Wednesday, 16 July 2008

Full steam again

It has come to be seen as outdated, but this clean, powerful technology is overdue a revival

Jonathan Glancey
The Guardian,
Wednesday July 16, 2008

In 1946 Paul Kiefer, chief mechanical engineer of the New York Central Railroad, set his latest steam locomotive, the potent, coal-burning 6,700hp Niagara class 4-8-4, against General Motors' brand new diesel-electrics. The Niagara could generate more power than three of the latest diesel-electrics coupled together. It could run the wheels off them while accelerating passenger trains as long as 30 modern British InterCity carriages with the alacrity of an electric.
The detailed report that followed revealed total annual running costs of $350,095 for Kiefer's finest and $359,478 for a twin-set of 4,000hp GM diesels capable of maintaining existing NYC schedules.

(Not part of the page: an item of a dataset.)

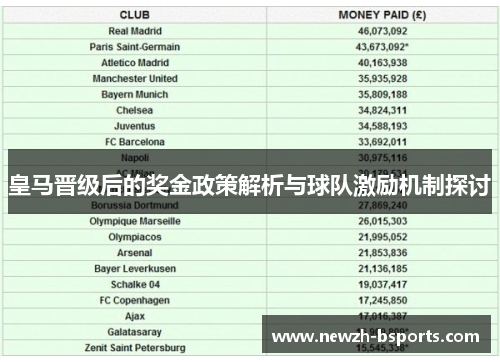 皇马晋级后的奖金政策解析与球队激励机制探讨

As the construction cost of the diesels was nearly 50% higher than that of a Niagara, you might have thought that steam would have continued to rule the railroad roost.
Not a chance, even though the tests were conducted with oil as cheap as chips in today's terms. If, in fact, the NYC management had been forced to buy oil at the equivalent of today's prices, the Niagara would have won the day effortlessly. Or, would it? I don't think so, no matter how you looked at, or cooked, the figures. The problem facing inspired steam engineers like Kiefer and his contemporary, André Chapelon of France's SNCF - whose latest locomotive, 242 A1, was outperforming existing electric locomotives, was, as much as anything else, one of image.
Steam seemed old-fashioned, dirty and labour-intensive. It didn't have to be, but that was the perception encouraged by General Motors, the oil lobby and a new generation of fervently modernising railway managers.
This summer, though, is witness to two intriguing steam revivals. The first is the attempt by the British Steam Car Challenge team to break the world land speed steam record in a beautiful British racing green car. Fueled by Calor Gas, the turbine-powered racer should, with luck, steam across the Bonneville flats in Utah at 170mph, and very possibly top 200mph. The car's designers, led since 1999 by Bill Rich, a retired marine steam engineer, say that the "overall aim of the project is to promote education and awareness of clean burning fuels and ecologically sound technologies to young engineers all over Britain".
And not, you might say, before time. Today, the oil lobby that did for Kiefer's Niagaras is under the global spotlight. Oil is dirty and running low; it fuels war and public strife. A revived steam technology is one way forward, yet steam needs the kind of publicity boost Rich's team might just give it this August.
This summer's second steam adventure is the long-awaited debut of Tornado, a recreation of a 1948 London and North Eastern Railway A1 Pacific. This will be the first express passenger steam locomotive built in Britain since the Duke of Gloucester 54 years ago. Tornado, the result of years of hard work and campaigning by the A1 Locomotive Trust, will take her place alongside the restored Duke of Gloucester running mainline specials. While Tornado is hardly the latest in steam engineering, the locomotive will act as a flag-waver for this overshadowed technology while promoting new projects like David Wardale's super-efficient 200kph 5AT locomotive.
Even then, there is some way to go before steam technology sheds its image of "puff-puffs" and men at the end of platforms with too many Biros in their top pockets. In a sense, steam technology came too early for its own good. The existing land-speed steam record was set by a Stanley Steamer as long ago as 1906.
New fuel and power technologies need to be pursued and developed, and yet steam technology, as old as Hero of Alexandria's first-century turbine, may yet be back on the agenda, road, rails and record books.